PROBLEM:
Which lines run from the line with "동그리동동님이 올린 리뷰 사진 4" through the line with "StarTech.com CMDUCT2U rack" in the entries below? Print them exactly, both ends included, and nothing more.

MATERIAL FOR THE TASK:
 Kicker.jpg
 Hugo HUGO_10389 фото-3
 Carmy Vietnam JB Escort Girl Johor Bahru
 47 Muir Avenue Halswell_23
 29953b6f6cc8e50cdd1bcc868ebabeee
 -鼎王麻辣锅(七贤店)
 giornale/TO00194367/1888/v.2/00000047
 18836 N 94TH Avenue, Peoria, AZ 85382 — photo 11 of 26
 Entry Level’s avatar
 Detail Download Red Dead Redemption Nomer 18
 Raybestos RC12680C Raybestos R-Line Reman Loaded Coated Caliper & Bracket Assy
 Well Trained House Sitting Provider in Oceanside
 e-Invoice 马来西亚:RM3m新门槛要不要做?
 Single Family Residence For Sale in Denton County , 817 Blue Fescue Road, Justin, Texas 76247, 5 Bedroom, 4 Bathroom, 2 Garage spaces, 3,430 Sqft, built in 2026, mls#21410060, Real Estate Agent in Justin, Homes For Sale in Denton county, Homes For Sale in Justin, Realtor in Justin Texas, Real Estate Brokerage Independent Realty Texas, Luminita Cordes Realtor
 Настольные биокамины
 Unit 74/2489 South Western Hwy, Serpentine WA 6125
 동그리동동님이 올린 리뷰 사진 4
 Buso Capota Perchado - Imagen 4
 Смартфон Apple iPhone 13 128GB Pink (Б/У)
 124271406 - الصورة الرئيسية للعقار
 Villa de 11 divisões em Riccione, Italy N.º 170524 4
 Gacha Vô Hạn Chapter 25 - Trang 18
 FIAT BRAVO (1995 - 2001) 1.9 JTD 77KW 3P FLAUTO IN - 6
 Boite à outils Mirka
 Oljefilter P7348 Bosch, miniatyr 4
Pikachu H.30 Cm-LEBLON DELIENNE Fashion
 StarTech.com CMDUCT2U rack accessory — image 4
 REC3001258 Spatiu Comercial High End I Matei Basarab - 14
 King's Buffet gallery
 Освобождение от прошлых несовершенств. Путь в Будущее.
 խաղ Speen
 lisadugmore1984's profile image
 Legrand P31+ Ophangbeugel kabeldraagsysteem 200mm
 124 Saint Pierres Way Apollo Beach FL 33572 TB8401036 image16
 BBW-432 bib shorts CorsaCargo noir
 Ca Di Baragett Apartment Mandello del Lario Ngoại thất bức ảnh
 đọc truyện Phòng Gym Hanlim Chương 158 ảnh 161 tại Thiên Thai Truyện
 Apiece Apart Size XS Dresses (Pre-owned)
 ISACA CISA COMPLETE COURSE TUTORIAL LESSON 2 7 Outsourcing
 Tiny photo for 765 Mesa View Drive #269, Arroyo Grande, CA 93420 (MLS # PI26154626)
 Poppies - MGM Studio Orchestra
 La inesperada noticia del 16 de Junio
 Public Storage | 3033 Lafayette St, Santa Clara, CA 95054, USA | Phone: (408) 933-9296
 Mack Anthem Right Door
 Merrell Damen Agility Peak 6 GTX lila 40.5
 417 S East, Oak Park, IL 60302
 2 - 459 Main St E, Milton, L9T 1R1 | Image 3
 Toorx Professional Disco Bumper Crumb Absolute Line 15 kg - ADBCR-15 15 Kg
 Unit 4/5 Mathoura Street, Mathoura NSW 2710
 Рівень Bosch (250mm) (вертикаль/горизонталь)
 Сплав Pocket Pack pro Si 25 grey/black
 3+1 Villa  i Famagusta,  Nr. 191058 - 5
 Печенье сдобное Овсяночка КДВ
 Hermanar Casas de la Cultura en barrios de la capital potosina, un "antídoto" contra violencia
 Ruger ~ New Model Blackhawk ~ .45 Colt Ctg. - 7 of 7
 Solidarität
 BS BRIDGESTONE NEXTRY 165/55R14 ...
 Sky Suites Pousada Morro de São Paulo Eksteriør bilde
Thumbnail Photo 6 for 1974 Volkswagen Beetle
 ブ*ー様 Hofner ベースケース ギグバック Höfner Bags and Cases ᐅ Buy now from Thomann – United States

SOLVED PROBLEM:
 동그리동동님이 올린 리뷰 사진 4
 Buso Capota Perchado - Imagen 4
 Смартфон Apple iPhone 13 128GB Pink (Б/У)
 124271406 - الصورة الرئيسية للعقار
 Villa de 11 divisões em Riccione, Italy N.º 170524 4
 Gacha Vô Hạn Chapter 25 - Trang 18
 FIAT BRAVO (1995 - 2001) 1.9 JTD 77KW 3P FLAUTO IN - 6
 Boite à outils Mirka
 Oljefilter P7348 Bosch, miniatyr 4
Pikachu H.30 Cm-LEBLON DELIENNE Fashion
 StarTech.com CMDUCT2U rack accessory — image 4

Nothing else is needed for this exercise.